Work item
Among the lines below, keep only those from the one containing "Ручной бластер Hasbro" through the one containing "Two Piece Beige", and reproduce them exactly.

*** Given entries

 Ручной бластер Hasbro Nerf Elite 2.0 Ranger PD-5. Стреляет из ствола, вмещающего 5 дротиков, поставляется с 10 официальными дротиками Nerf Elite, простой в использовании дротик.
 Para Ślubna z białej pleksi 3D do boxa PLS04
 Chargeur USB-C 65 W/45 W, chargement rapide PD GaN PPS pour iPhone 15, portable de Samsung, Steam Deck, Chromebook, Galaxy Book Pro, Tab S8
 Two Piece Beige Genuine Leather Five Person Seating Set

******
*** Given entries

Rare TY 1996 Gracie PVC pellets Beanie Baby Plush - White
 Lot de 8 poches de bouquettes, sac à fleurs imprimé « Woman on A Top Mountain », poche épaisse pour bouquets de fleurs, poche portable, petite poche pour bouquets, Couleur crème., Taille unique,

******
*** Given entries

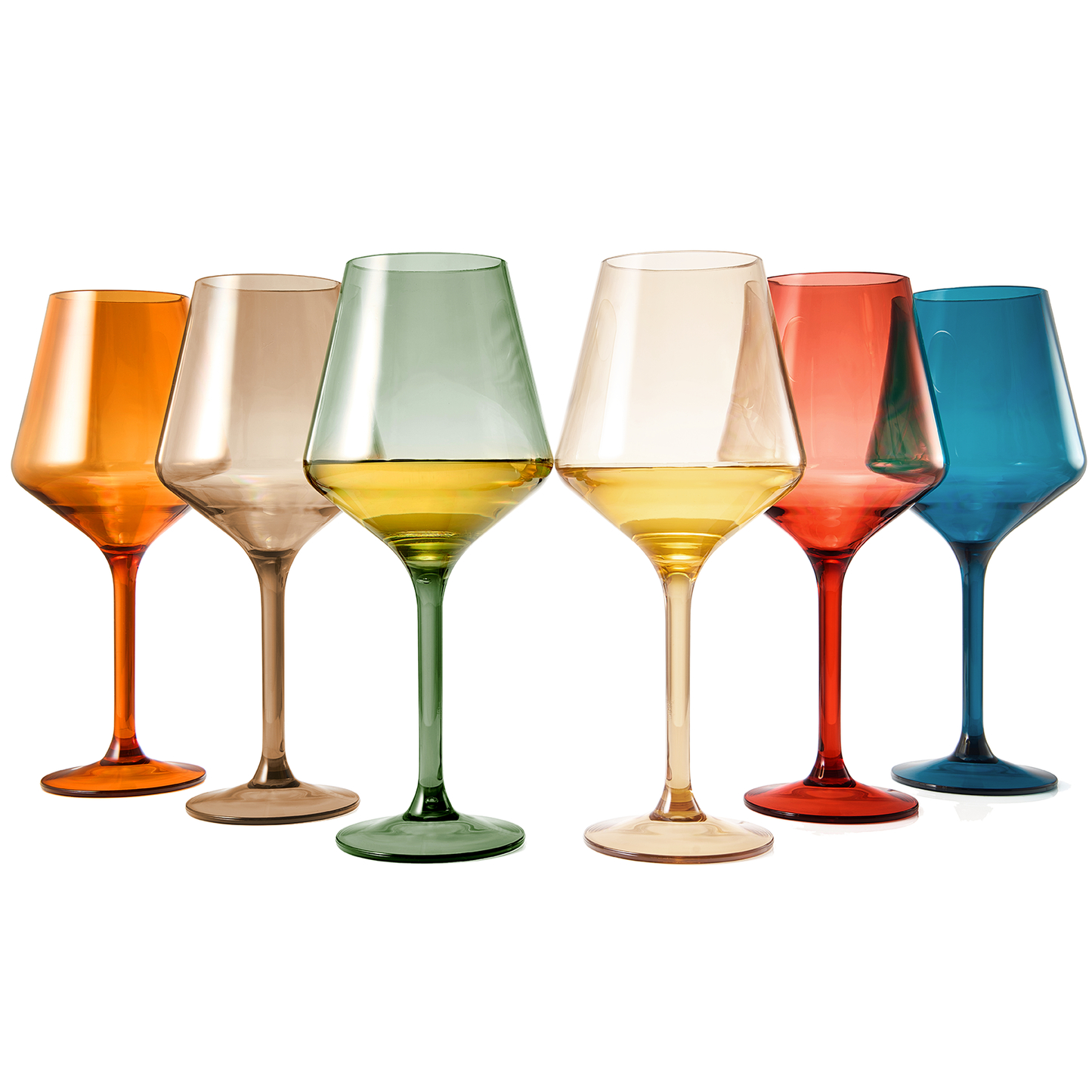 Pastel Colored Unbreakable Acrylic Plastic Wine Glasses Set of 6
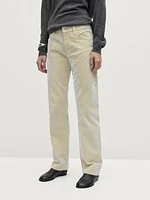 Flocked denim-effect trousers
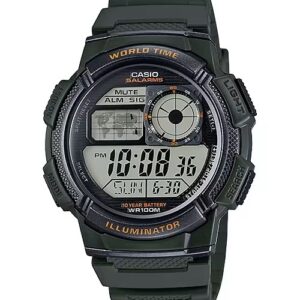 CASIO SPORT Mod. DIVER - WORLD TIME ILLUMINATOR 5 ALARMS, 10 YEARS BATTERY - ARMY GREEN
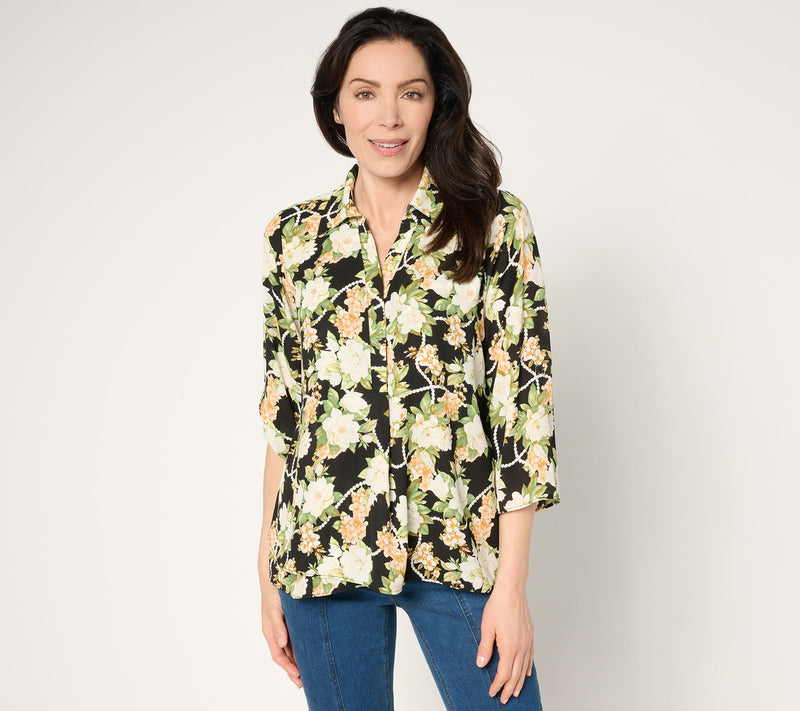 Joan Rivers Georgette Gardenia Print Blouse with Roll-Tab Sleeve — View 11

******

Finished task
 Ручной бластер Hasbro Nerf Elite 2.0 Ranger PD-5. Стреляет из ствола, вмещающего 5 дротиков, поставляется с 10 официальными дротиками Nerf Elite, простой в использовании дротик.
 Para Ślubna z białej pleksi 3D do boxa PLS04
 Chargeur USB-C 65 W/45 W, chargement rapide PD GaN PPS pour iPhone 15, portable de Samsung, Steam Deck, Chromebook, Galaxy Book Pro, Tab S8
 Two Piece Beige Genuine Leather Five Person Seating Set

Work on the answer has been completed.